On Tuesday of Holy Week, I will attend the Chrism Mass for the Archdiocese of Boston. At that Mass, Cardinal Sean O'Malley will consecrate the three Sacred Oils--the Oil of Catechumens, the Oil of the Sick, and the Sacred Chrism--that will be used throughout the Archdiocese for the coming year. The fact that the bishop consecrates the oils that are used throughout the whole Archdiocese connects him in a particular way to all of the sacraments that take place in every parish. The Chrism Mass shows forth the communion of the whole Church. We are members of the one Body of Christ.
All of the old oils are burned this week and from the Chrism Mass on, the newly consecrated oils will be used for the coming year. Tonight, on the eve of the Chrism Mass, I used the old Chrism one last time. I confirmed Matthew John on the Monday of Holy week.
While in the sacristy of church before the 6:30pm Mass, I took a phone call from the hospital. It was 6:26pm. A beautiful family from my parish was in great distress.
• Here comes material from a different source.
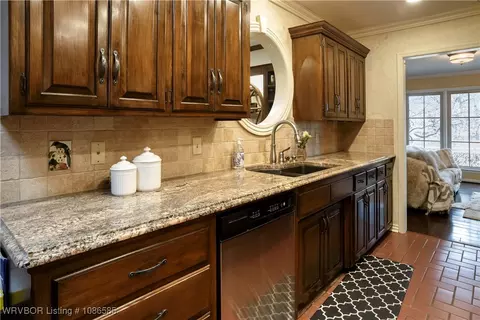 1 Berry Hill Rd, Fort Smith, AR 72903 photo 27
During labor, some tragedy occurred and a seemingly healthy little baby boy stopped breathing, was resuscitated, but was in very grave condition. My parishioners understood why I needed to move the 6:30pm Mass along. We prayed for Matthew John and by 6:55pm, I was at the hospital with a grieving family, a grieving hospital staff, and a very beautiful but very sick little infant boy.
We professed the Faith together, and then I had the privilege to say, "Matthew John, I baptize you in the Name of the Father, and of the Son, and of the Holy Spirit." Then, almost exactly a year to the day that the Archbishop consecrated the Chrism, I anointed Matthew John and administered the Sacrament of Confirmation. He is a member of the Body of Christ.
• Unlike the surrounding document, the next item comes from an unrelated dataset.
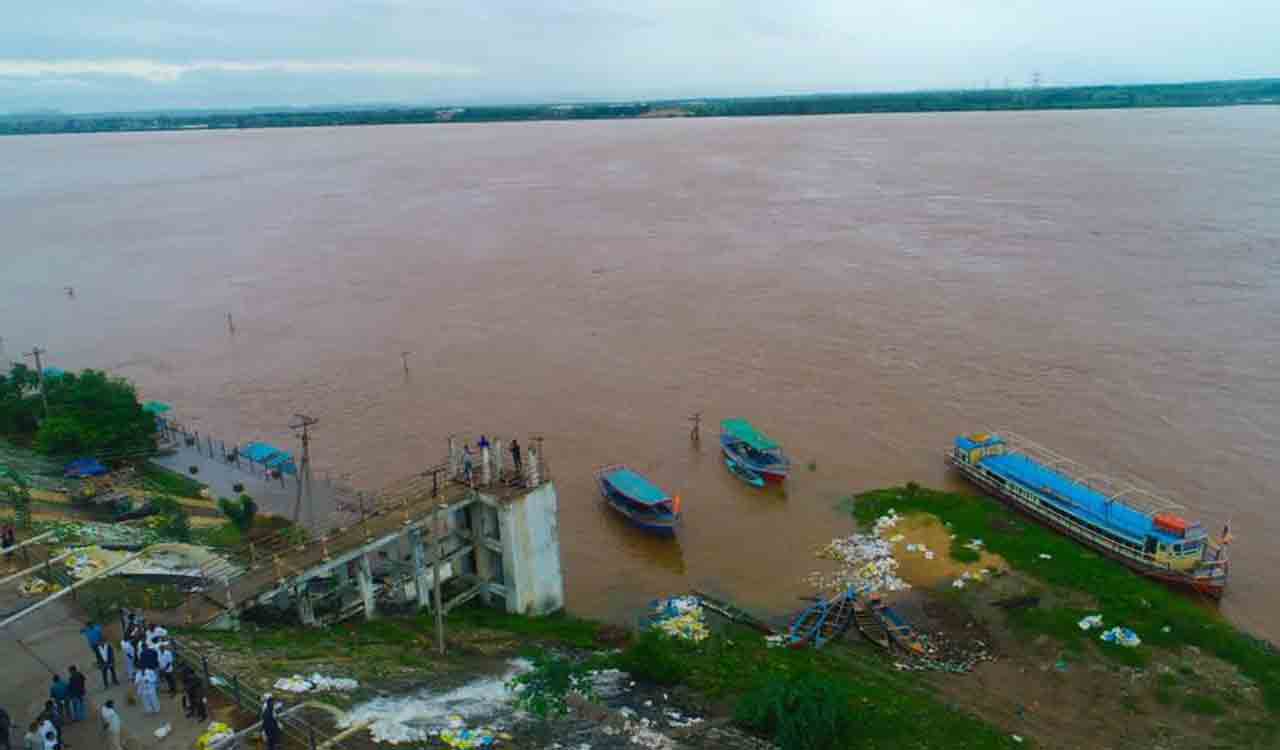 Godavari water level rises in Nashik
I sent out word that this baby and his parents needed prayers. The Body of Christ began praying. High School students in my parish Religious Education program stopped class and prayed the Rosary for them. Facebook messages all promised prayers for Matthew John and his parents. A small group of parishioners came to church and prayed the Rosary with me at 8pm.
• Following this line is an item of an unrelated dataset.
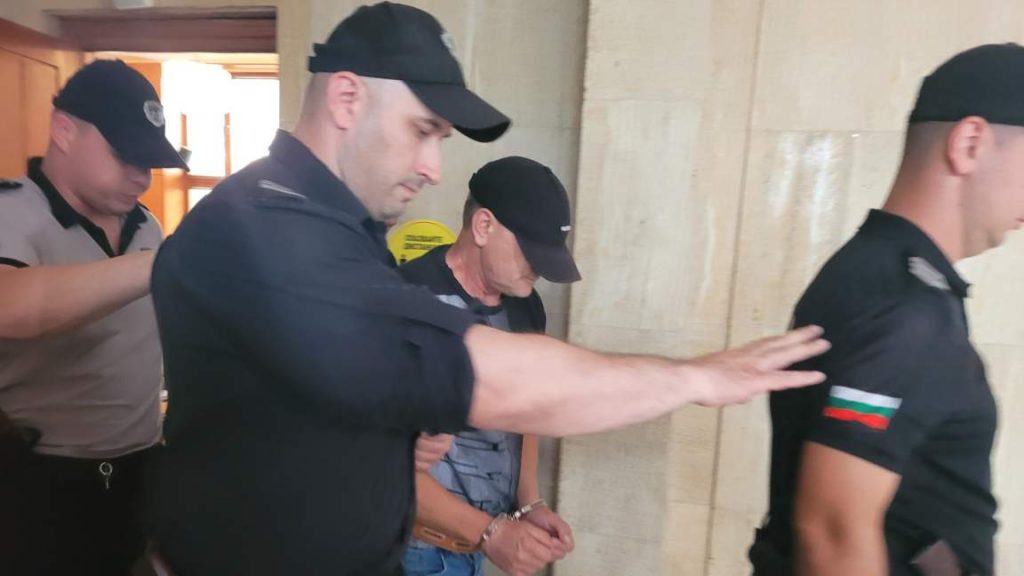 Шофьорът на ТИР-а от катастрофата на АМ „Тракия“ остава в ареста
The Chrism binds us together. It binds us to Christ in Baptism, Confirmation, and in Holy Orders. The Chrism binds us together into the Body of Christ. It binds us together in Baptism and Confirmation. It binds priests together in the presbyterate and with the bishop. It binds Matthew John to me, to the bishop, and to the whole Body of Christ.
Whether we were Christians or not, such a tragedy would bind us together because of our common humanity. But the Chrism binds us together differently. This baby and his family are part of the Body of Christ. Frankly, I'm too exhausted right now to think about what that all means or to write coherently about it. But, I'm grateful for the Chrism. I'm grateful that there are Sacraments that touch far deeper than any medicine can. I'm grateful that a beautiful baby and his family are bound closely to Christ and to His Body, the Church. I'm grateful that because of the Chrism, I could witness the beautiful faith of these people in the midst of so much sorrow. I'm grateful that whatever happened on Calvary and whatever happened in the Upper Room on Holy Thursday and on Pentecost is able to reach us here and now through the Chrism.
Whatever happens in the coming hours, Matthew John is bound to Christ's saving Passion, Death, and Resurrection through the Sacred Chrism. He is bound to all of us who are members of the one Body of Christ. He is bound inseparably to Christ through the Sacraments of the Church. That is our consolation tonight. Matthew John and all of us are bound to the Savior through the power of the Sacred Chrism.
(Please pray for Matthew and his beautiful family).